Maybe. But RNNs aren't.
Transformers learn "pseudo-temporal" relationships; they lack the true recurrent gradient that RNNs have, and thus extract fundamentally different features. This paper, for example, shows that the standard transformers are difficult to optimize in reinforcement learning settings, especially in memory-intensive environments. They do, however, eventually design a variant surpassing LSTMs.
Where are RNNs still needed?
Long memory tasks. Very long memory. IndRNNs have show ability to remember for 5000 timesteps, where LSTM barely manages 1000. A transformer is quadratic in time-complexity whereas RNNs are linear, meaning good luck processing even a single iteration of 5000 timesteps. If that isn't enough, the recent Legendre Memory Units have demonstrated memory of up to 512,000,000 timesteps; I'm unsure the world's top supercomputer could fit the resultant 1E18 tensor in memory.
Aside reinforcement learning, signal applications are memory-demanding - e.g. speech synthesis, video synthesis, seizure classification.
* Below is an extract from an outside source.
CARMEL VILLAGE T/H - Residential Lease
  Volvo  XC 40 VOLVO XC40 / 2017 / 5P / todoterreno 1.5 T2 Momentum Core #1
While CNNs have shown much success on these tasks, many utilize RNNs inserted in later layers; CNNs learn spatial features, RNNs temporal/recurrrent. An impressive 2019 paper's network manages to clone a speaker's voice from a only a 5 second sample, and it uses CNNs + LSTMs.
Memory vs. Feature Quality:
One doesn't warrant the other; "quality" refers to information utility for a given task. For sentences with 50 words, for example, model A may classify superior to model B, but fail dramatically with 100 where B would have no trouble. This exact phenomenon is illustrated in the recent Bistable Recurrent Cell paper, where the cell shows better memory for longer sequences, but is outdone by LSTMs on shorter sequences. An intuition is, LSTMs' four-gated networking permits for greater control over information routing, and thus richer feature extraction.
Future of LSTMs?
My likeliest bet is, some form of enhancement - like a Bistable Recurrent Cell, maybe with attention, and recurrent normalization (e.g. LayerNorm or Recurrent BatchNorm). BRC's design is based on control theory, and so are LMUs; such architectures enjoy self-regularization, and there's much room for further innovation. Ultimately, RNNs cannot be "replaced" by non-recurrent architectures, and will thus perform superior on some tasks that demand explicitly recurrent features.
Recurrent Transformers
If we can't do away with recurrence, can't we just incorporate it with transformers somehow? Yes: Universal Transformers. Not only is there recurrence, but variable input sequences are supported, just like in RNNs. Authors go so far as to argue that UTs are Turing complete; whether that's true I haven't verified, but even if it is, it doesn't warrant practical ability to fully harness this capability.
Bonus: It helps to visualize RNNs to better understand and debug them; you can see their weights, gradients, and activations in action with See RNN, a package of mine (pretty pics included).
Update 6/29/2020: new paper redesigns transformers to operate in time dimension with linear, O(N), complexity: Transformers are RNNs. Mind the title though; from section 3.4: "we consider recurrence with respect to time and not depth". So they are a kind of RNN, but still differ from 'traditional' ones. I've yet to read it, seems promising; a nice video explanation here.